■ What is needed
All of the lines below are to be transcribed faithfully, with pictures excluded from the copy.

■ Data excerpt
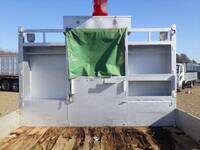 UDトラックスコンドルセルフクレーン4段増トン（6t・8t）[写真08]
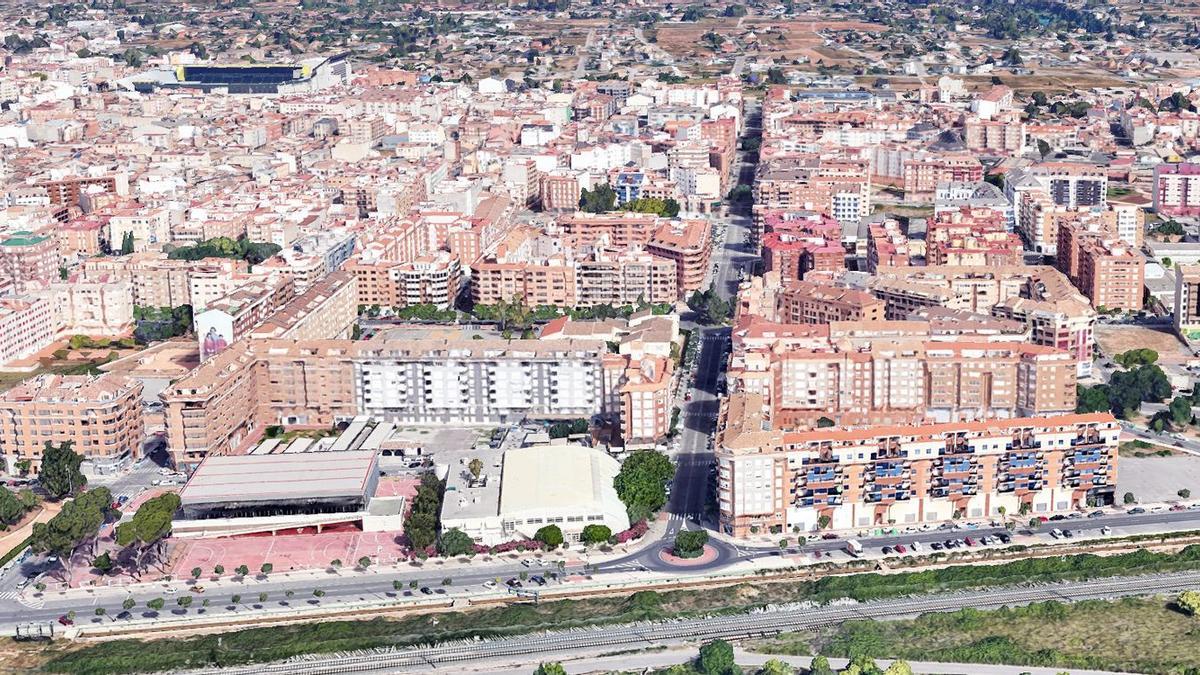 La zona noreste de la ciudad, más concretamente la del entorno de la piscina cubierta Yurema Requena, es la que tiene las viviendas con un precio más elevado por metro cuadrado.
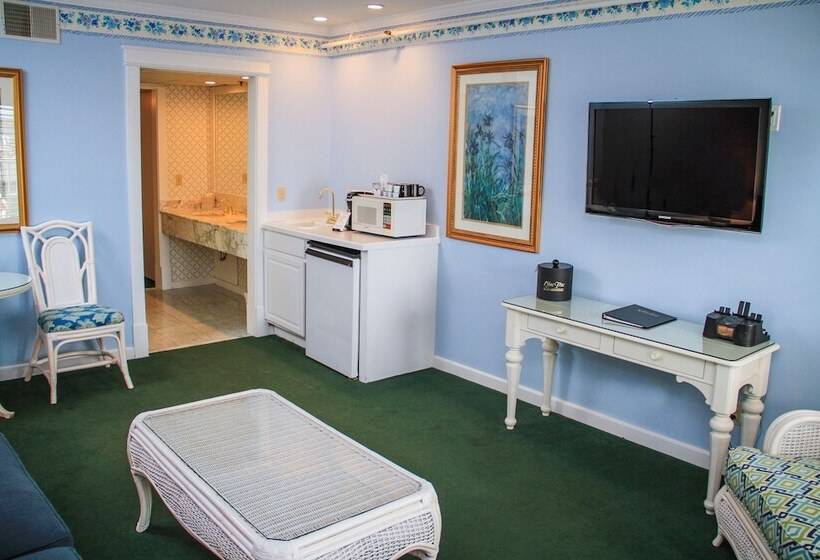 Отель Lilac Tree Suites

■ Exercise response
 UDトラックスコンドルセルフクレーン4段増トン（6t・8t）[写真08]
 La zona noreste de la ciudad, más concretamente la del entorno de la piscina cubierta Yurema Requena, es la que tiene las viviendas con un precio más elevado por metro cuadrado.
 Отель Lilac Tree Suites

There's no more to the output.